Ahmet said, “There is a certain sort of excess that is interesting, don’t you think? And America is, of course, the most excessive place. I came here as a child of twelve, but even before I came here I cared about jazz and gangsters and Chaplin. Nesuhi taught me all that. He also taught me that David Windsor was the best-dressed man in the world. Nesuhi at sixteen was a superstar. I am not an exception, you know? Everyone I knew was fascinated by America. There was then a colony of Turkish students going to school in Hollywood instead of going to Oxford. They hung around in cars, trying to go out with Linda Darnell.” Ahmet paused. “I had a friend named Harper Soules. He took me to Brooks Brothers. I put on a jacket, and it was two sizes too big or two sizes too small, or something. And I said, ‘This doesn’t fit.’ And the man from Brooks Brothers said, ‘This is your size,’ and I said, ‘But it doesn’t fit,’ and Harper Soules got very angry at me. ‘Fit, fit—of course it doesn’t fit,’ he said. ‘If you want it to fit, go to one of those cheap Broadway stores. This is Brooks Brothers.’ I was interested in that.” Ahmet paused again. He looked briefly at the clipping about the soccer game. “I should tell you about John Caskie, who was a friend of mine at college. He was the best-dressed man in America. We all knew that. He was the first to wear old tennis shoes. He had a Mercedes-Benz 540K. His father bought him a house in Middleburg filled with antiques, which he burned in the fireplace. He had his Mercedes reduced to a one-seater, because he didn’t want anyone to ride with him. He had marvellous tweed jackets, silk shirts, flannels with about five holes in them, tennis shoes. I don’t think he ended well.”

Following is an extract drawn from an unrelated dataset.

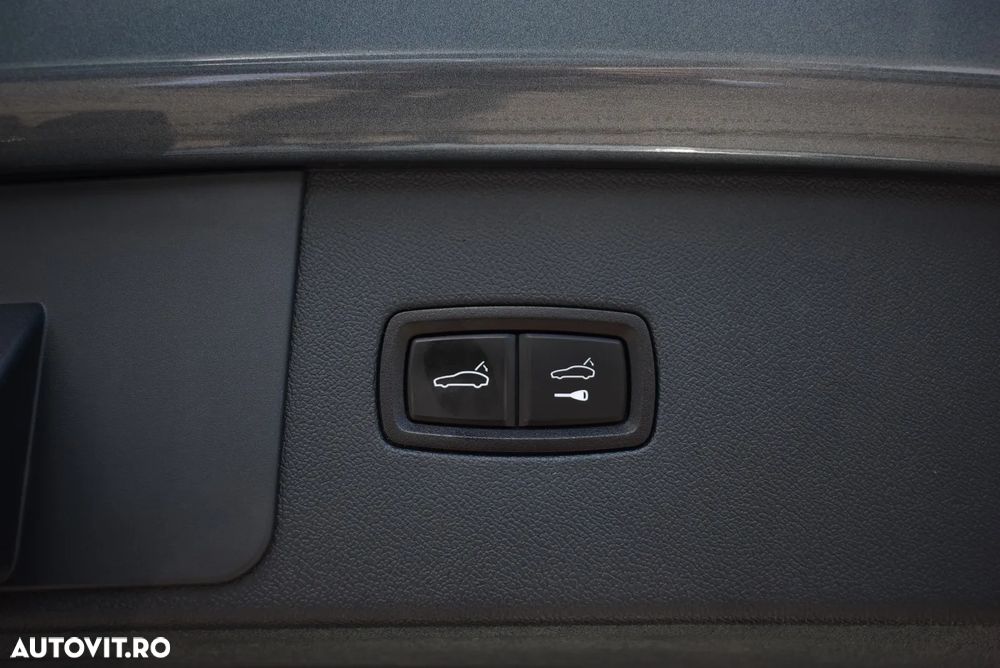 Porsche Cayenne Tiptronic S Platinum Edition - 31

The waiter brought Ahmet another newspaper clipping about soccer. “Soccer is all I care about,” the waiter said.
“Iused to have a bus,” Ahmet said, riding downtown with Mica toward a loft on the Bowery. “I mean, I used to rent a bus. Because it was cheaper than a car and driver, and it was more fun, if you know what I mean.”

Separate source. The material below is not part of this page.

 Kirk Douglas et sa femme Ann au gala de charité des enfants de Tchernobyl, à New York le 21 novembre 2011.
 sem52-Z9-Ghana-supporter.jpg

“I don’t think there is any fun anymore,” Mica said. “I don’t think there are any amusing places to go. We went to some places the other night. We went to C’est Moi, and that was just nothing. And we went to a place called Tambourine. I was told that Tambourine was very nicely done. I was told, you know, that it was amusing, but it seemed to me that it was mostly transvestites. I am so bored with transvestites. Some of them are nice people, I suppose, but I think it is so boring now.”

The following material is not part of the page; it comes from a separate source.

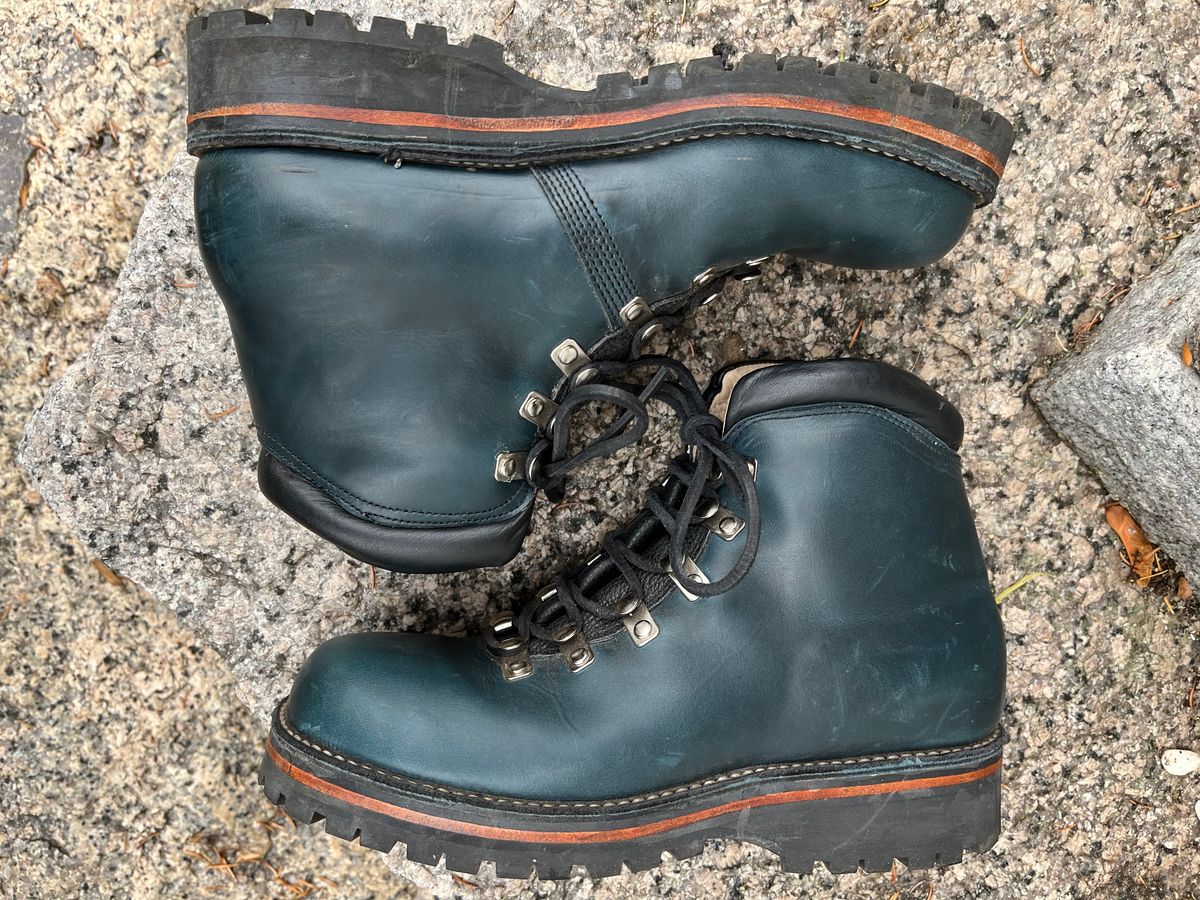 Photo by Limmer_Monroe on November 5, 2024 of the Peter Limmer & Sons Custom Model in Seidel Oxblood Double Shot.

“Mario Santo Domingo, my South American friend, used to come up and we would have a trio in the bus and go around to parties,” Ahmet said. “We would teach the trio very obscure songs. ‘And Her Mother Came Too’ and ‘Just a Personal Friend’ were two songs we sang in the bus. We kidnapped half of the Count Basie band from Birdland and took them to the Village. One night, we went to El Morocco and parked the bus in front. Two guys who worked in the men’s room were Turks and they loved me, and I took them and the hat-check girl and a couple of waiters and got them in the bus. As people came, we asked them into the bus. I mean, if one of us knew them. It was very crowded in the bus. We even had a cigarette girl going around. John Perona—who owned El Morocco, you know?—came out, because no one was coming into the club. He was very angry, but he forgave us later.”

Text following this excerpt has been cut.